**Work required**
Copy the listing below exactly, but skip the pictures.

**Data extract**
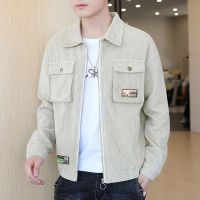 男装春秋季新款夹克男韩版修身青年翻领男士休闲短款外套男衣服潮 1131卡其色 S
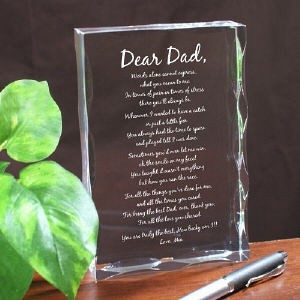 ... Fathers Day Keepsake Dear Dad Engraved Poem Keepsake Block Gift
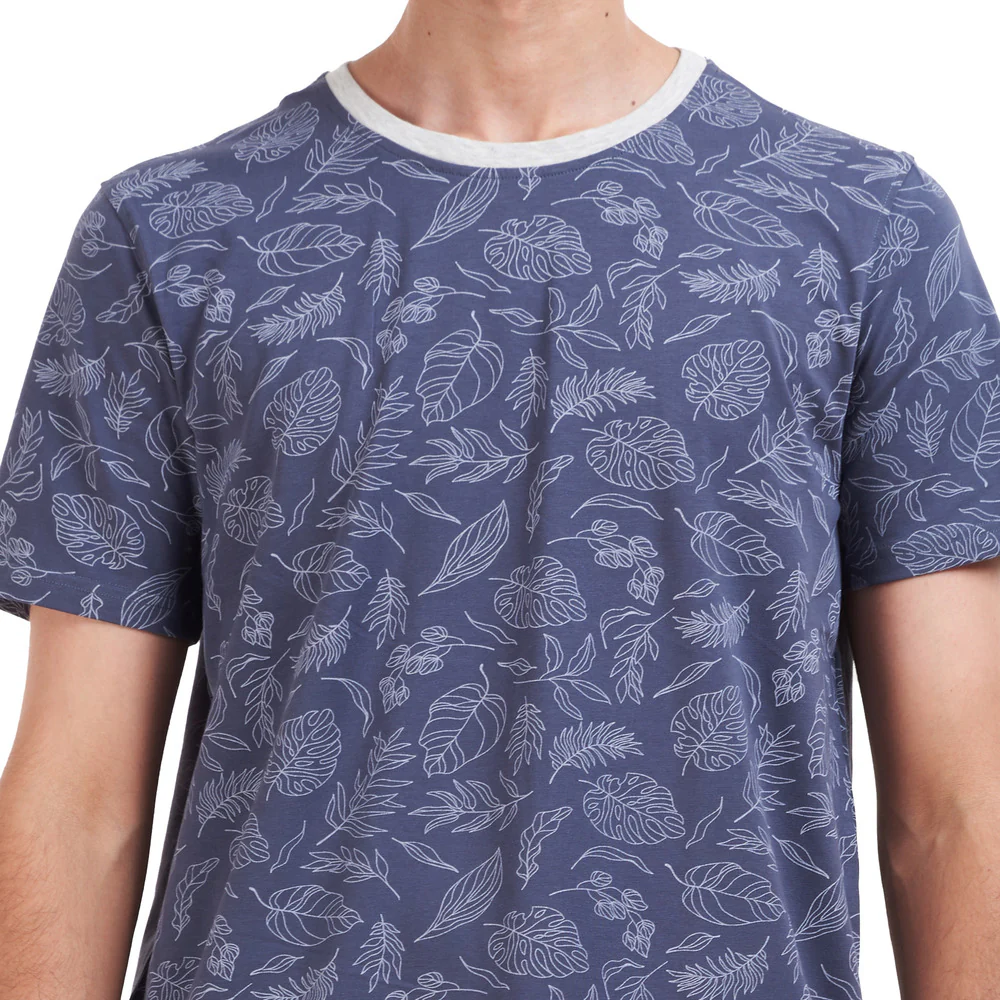 Men summer pajama set Dark grey Flowers T-shirt +Shanee short - Image 5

**Exercise output**
 男装春秋季新款夹克男韩版修身青年翻领男士休闲短款外套男衣服潮 1131卡其色 S
 ... Fathers Day Keepsake Dear Dad Engraved Poem Keepsake Block Gift
 Men summer pajama set Dark grey Flowers T-shirt +Shanee short - Image 5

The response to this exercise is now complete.